In conclusion: get a Whirlpool Accubake¹ as soon as you can.
¹ Or as those on the inside call it, Satan’s Anus.
I forgot how much having a day job rearranges your entire life. I know, I’m punching me in the ear, too. Nevertheless: bringing lunch to work! Right now it’s fun, in a few days it’ll be getting old and by this time next month I’ll be eating nothing but pizza-by-the-slice and street meat.
In the meantime, I’m desperately addicted to this:
The short version is: it’s spicy juice. The longer version is that they are sweetened, lightly flavored beverages with a smidgen of capsaicin in them, so they have a little bit of a burn. The weirdest part is that my Crohn’s disease is not bothered in the least by it, and in fact the opposite.
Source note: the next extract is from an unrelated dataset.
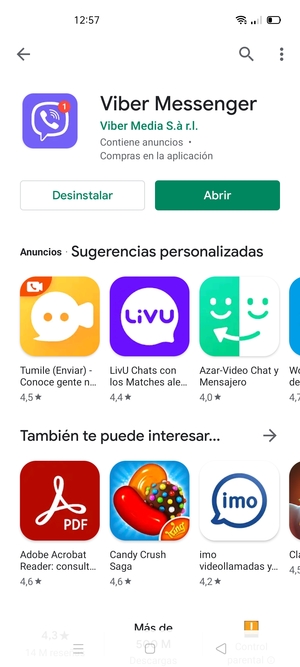 Seleccione Abrir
I’ve been feeling pretty good lately, and the niacin-like rush of the capsaicin is no joke.
My only grief about the product is that I feel it could do with a little less sugar – while they don’t taste overly sugary, 40g per bottle is pretty much the upper limit of what I am comfortable consuming in a beverage and are what’s keeping me to one or two a week as a treat. I guess I’m that nutbag asking them to make a sugar-free version, but there it is: some of us can’t digest sugar well and have to divvy up our sugar intake between the things we really can’t live without, like marshmallow milkshakes and bowls of Franken Berry for dinner.
I can’t believe it’s been over a week since I arrived in Olympia, I really can’t. Each day has been a list of errands a dozen items long, and the overwhelming shadow of Thanksgiving approaches like a yeti while we hide in ice caves, our mouths covered with our mittens in an attempt to stifle our ragged breathing.
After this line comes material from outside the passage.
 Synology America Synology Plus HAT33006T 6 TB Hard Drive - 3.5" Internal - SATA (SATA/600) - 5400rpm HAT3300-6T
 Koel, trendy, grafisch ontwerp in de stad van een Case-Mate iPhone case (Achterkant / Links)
The other evening we grabbed a quick drink with Lady Sam, where I accidentally dropped a piece of cheese from Mike’s cheese fries into my shot of Jameson:

I thought this new drink should be called a Canadian¹ Roofie, but Mike and Lady Sam prefered the more brief and catchy Tuque. I ate the whiskey-logged cheese to prove my womanhood, but I must warn you that it was more disgusting that eating the worm in the mezcal.
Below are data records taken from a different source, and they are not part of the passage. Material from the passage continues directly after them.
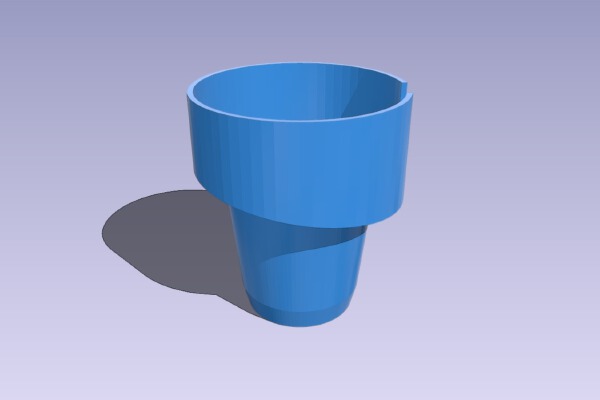 Cup Holder Adapter for BMW vehicles | 3d print model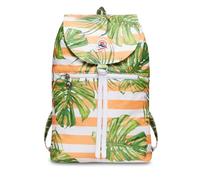 Invicta Mochila MINISAC NEXT GRAPHIC VINTAGE, Striped Palm - Mochila de Negocio, Trabajo, Diario, Viaje, Escolares, para hombres, mujeres y adolescentes - Mochila Plegable Ultraligera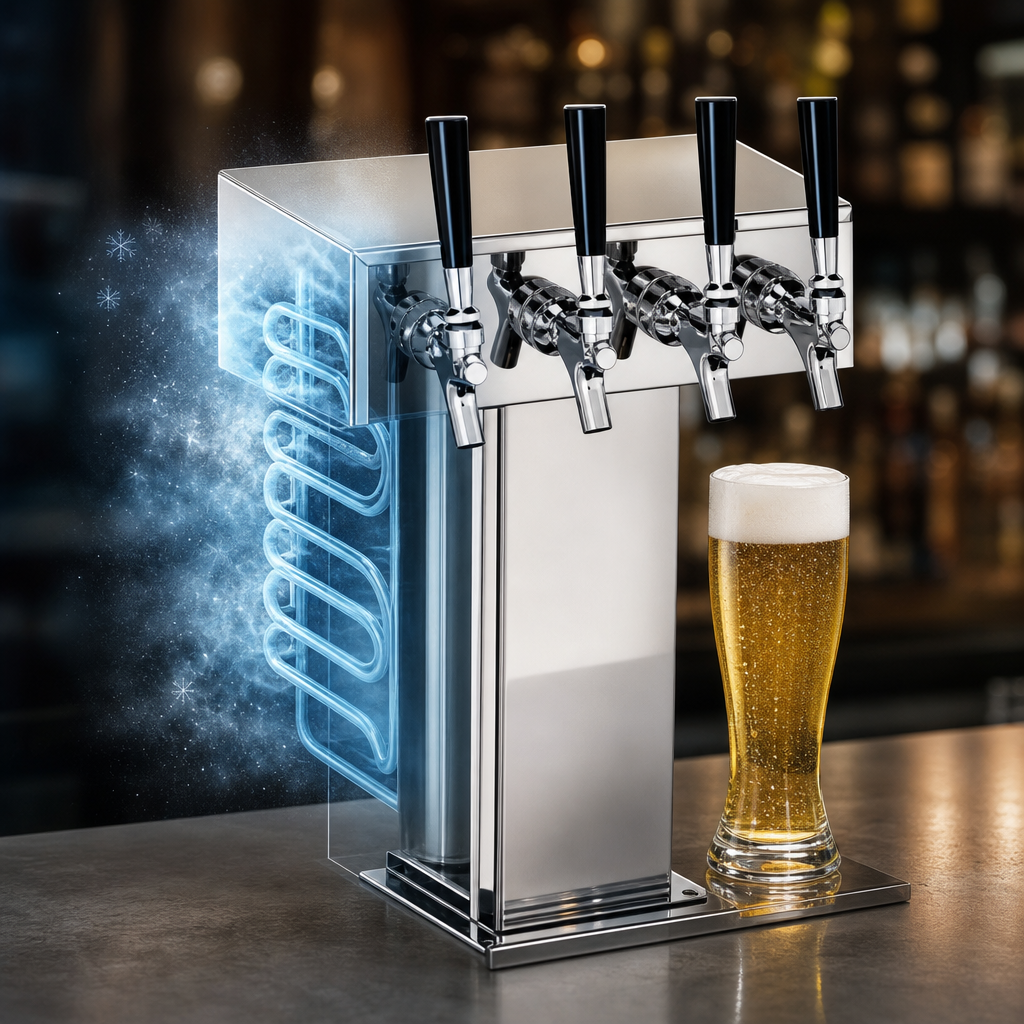 Glycol-Cooled Dispensing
Olympia had changed a little since I lived here last. It has become more… I don’t know.

I can’t quite put my finger on it.
¹ I am aware that Jameson is Irish, but I was drunk and now it seems appropriate.
Scene: Grocery Store
A woman and her toddler son are bagging vegetables. An older woman needs to get to the same area and leans past the toddler while saying in a very kindly tone “Pardon me, babe.”
The mother smiles at the older woman and then says in a completely serious voice: “Just so you’re aware, some people don’t like the use of the word ‘babe’.”
“Oh, okay,” the older woman says, totally confused. “Um, I’m sorry.”
“It’s alright, I just thought you’d like to be aware,” the mother says.
It is to my great surprise that one of the thing I currently miss most about Los Angeles is Magnolia Bakery:

My friend Hatherly brought me a full box of a dozen cupcakes on our last day in L.A., and I ate them as I drove north along California’s central valley. They sat on the floorboard of the Penske where they got rather warm, as though they were fresh baked and prematurely frosted. They were indescribable ambrosia.
There are many great restaurants I’ll miss about that city, but most of them have analogues in Seattle and Portland. As far as I know, that can’t be said about Magnolia. And I can bust out a pretty mean cupcake of my own, but not that vanilla cupcake. And I’ve tried. You’d think I’d be happy just knowing they existed, but I am not. I am furious.
In opposite news, I think I finally figured out butternut squash.

I used to really dislike it, primarily for it’s wet mushiness, but I keep cooking it in the hopes that I can squash-whisper it’s secrets. My conclusion? Cutting it smaller. I finally roasted a pan of butternut squash that I really enjoyed, and by cutting it into little bite-size cubes and roasting in a few spoonfuls of coconut oil at 375° for an hour until the cubes started to caramelize. Salt and pepper finished it off. We mixed the whole pan into a pot of pesto-dressed pasta and crumbled goat cheese over the whole pile and called it dinner. Not too sweet, not too damp. Success.
Now I’m going to go mope around Costco with my dad.